A capacitor of capacitance C is charged to a potential difference `V_(0)` and then connected with a resistance and a battery of EMF `3V_(0)` such that the positively charged plate of the capacitor is connected to the positive terminal of the battery. The total heat generated in the resistance until the current in the circuit becomes zero is `n(CV_(0)^(2))`. the value of n is ________.
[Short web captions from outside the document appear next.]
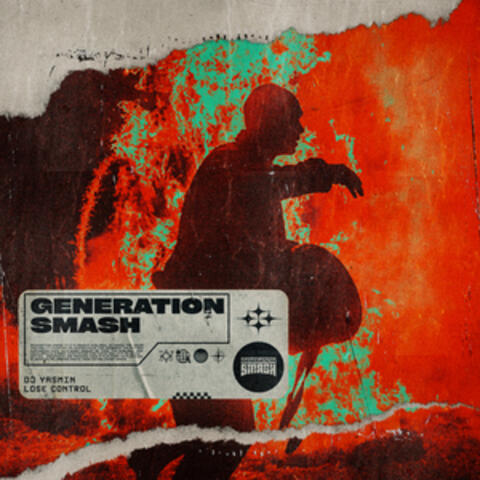 Lose Control album art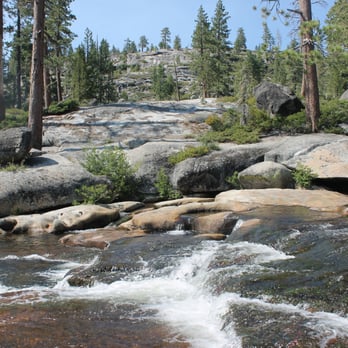 Stanislaus National Forest - Campgrounds Near Me - Sonora, California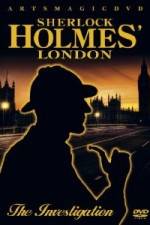 Watch Sherlock Holmes -  London The Investigation 123netflix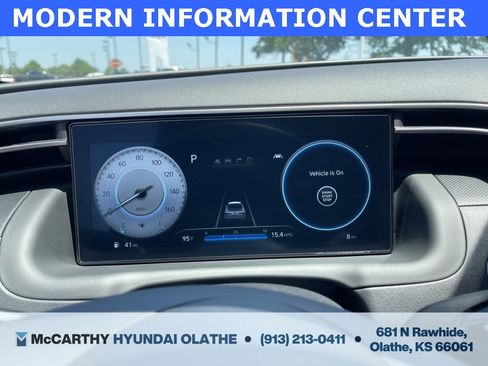 Certified 2024 Hyundai Santa Cruz SEL w/ Activity Package image 7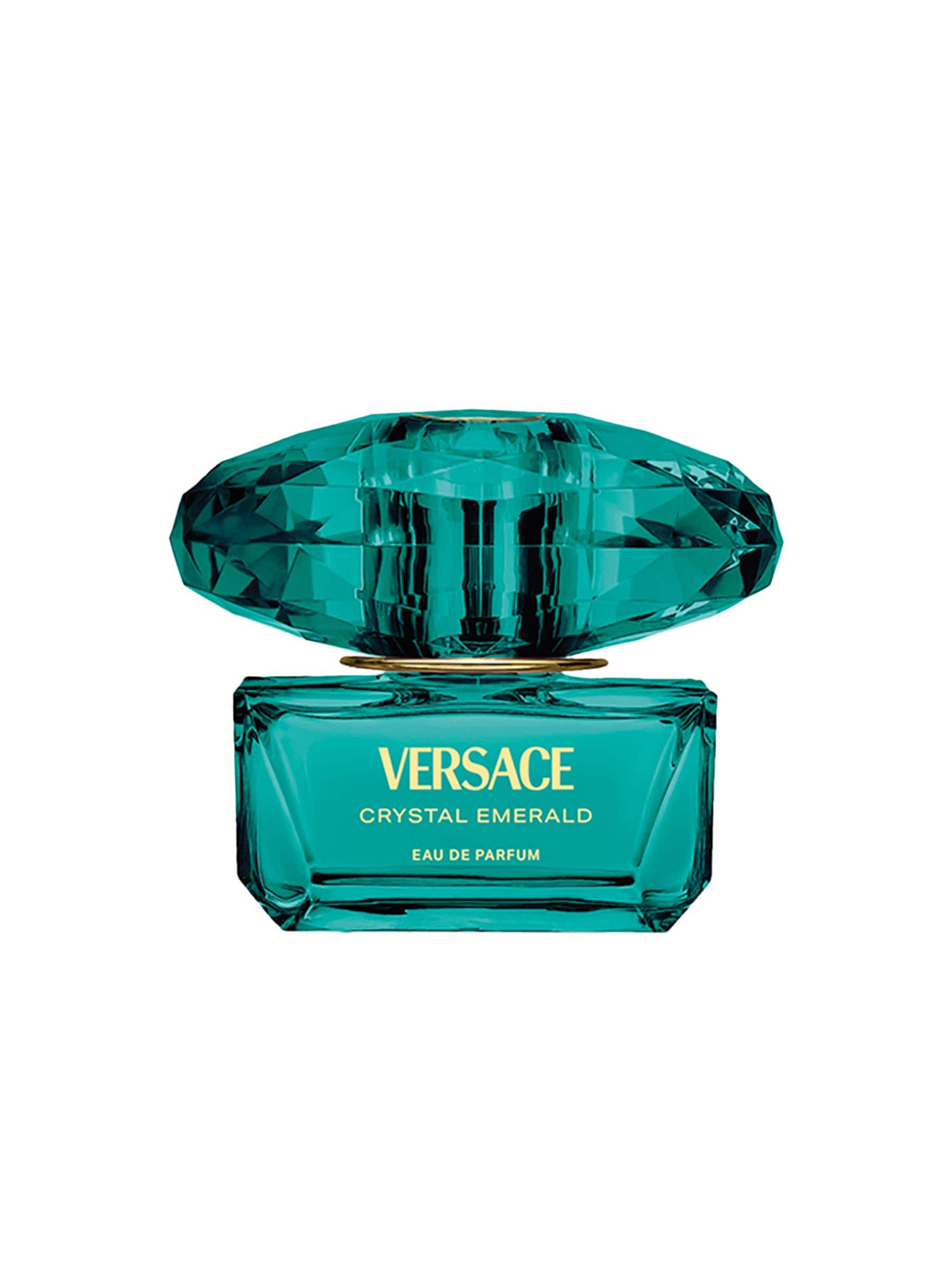 Versace Women's Crystal Emerald Eau De Parfum Spray 50Ml - Image 12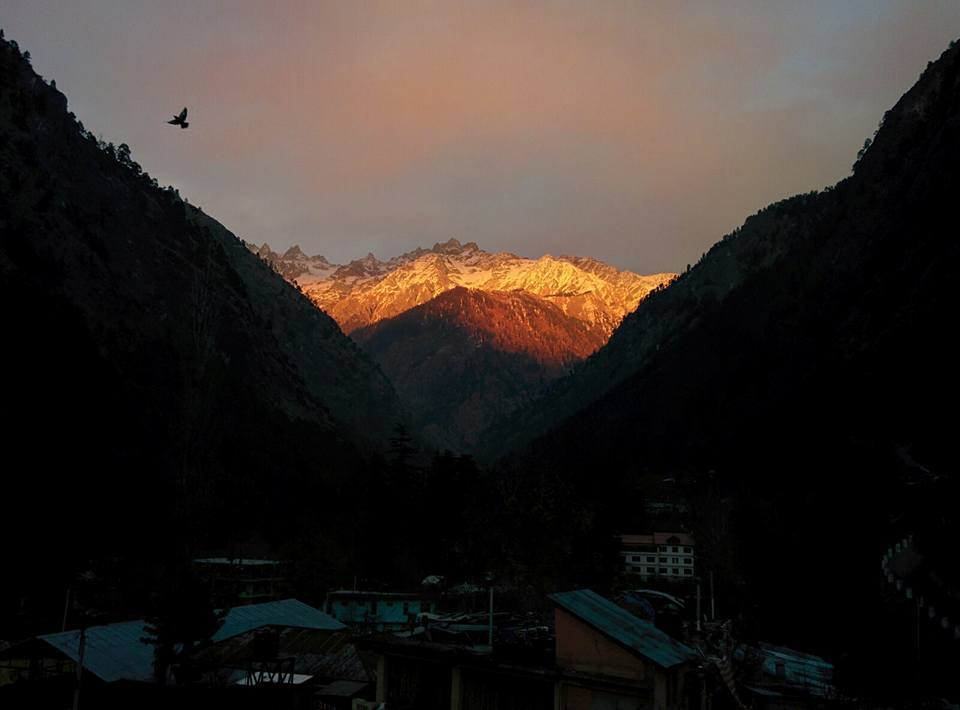 Photo of Kasol:- A heaven to remember 10/12 by Devashish Sahoo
To solve the problem step by step, we will analyze the circuit involving the capacitor, the resistor, and the battery. ### Step-by-Step Solution: 1. **Understanding the Initial Condition**: - A capacitor of capacitance \( C \) is charged to a potential difference \( V_0 \). - The charge \( Q \) on the capacitor is given by: \[ Q = C \cdot V_0 \] 2. **Connecting the Circuit**: - The capacitor is connected to a resistor \( R \) and a battery with EMF \( 3V_0 \). - The positively charged plate of the capacitor is connected to the positive terminal of the battery. 3. **Applying Kirchhoff's Voltage Law**: - We apply Kirchhoff's voltage law around the loop: \[ -3V_0 + I \cdot R + \left( \frac{Q}{C} - V_0 \right) = 0 \] - Rearranging gives: \[ I \cdot R = 3V_0 - V_0 - \frac{Q}{C} \] \[ I \cdot R = 2V_0 - \frac{Q}{C} \] 4. **Expressing Current in Terms of Charge**: - The current \( I \) can be expressed as: \[ I = -\frac{dQ}{dt} \] - Substituting this into the equation gives: \[ -\frac{dQ}{dt} \cdot R = 2V_0 - \frac{Q}{C} \] - Rearranging leads to: \[ \frac{dQ}{dt} = \frac{2CV_0 - Q}{R} \] 5. **Separating Variables and Integrating**: - We separate variables: \[ \frac{dQ}{2CV_0 - Q} = \frac{dt}{R} \] - Integrating both sides: \[ \int \frac{dQ}{2CV_0 - Q} = \int \frac{dt}{R} \] - The left side integrates to: \[ -\ln|2CV_0 - Q| = \frac{t}{R} + k \] - Solving for \( Q \): \[ 2CV_0 - Q = e^{-\frac{t}{R} + k} \] \[ Q = 2CV_0 - e^{-\frac{t}{R} + k} \] 6. **Finding the Heat Generated**: - The power \( P \) dissipated in the resistor is given by: \[ P = I^2 R \] - Substituting \( I = -\frac{dQ}{dt} \): \[ P = \left(-\frac{dQ}{dt}\right)^2 R \] - The total heat \( H \) generated until the current becomes zero is: \[ H = \int_0^{\infty} P \, dt \] 7. **Calculating the Integral**: - The integration leads to: \[ H = \frac{4C V_0^2}{R} \cdot \left(\frac{R}{2}\right) = 2C V_0^2 \] 8. **Finding the Value of \( n \)**: - From the expression for heat generated: \[ H = n \cdot C V_0^2 \] - Comparing both expressions gives: \[ n = 2 \] ### Final Answer: The value of \( n \) is \( \boxed{2} \).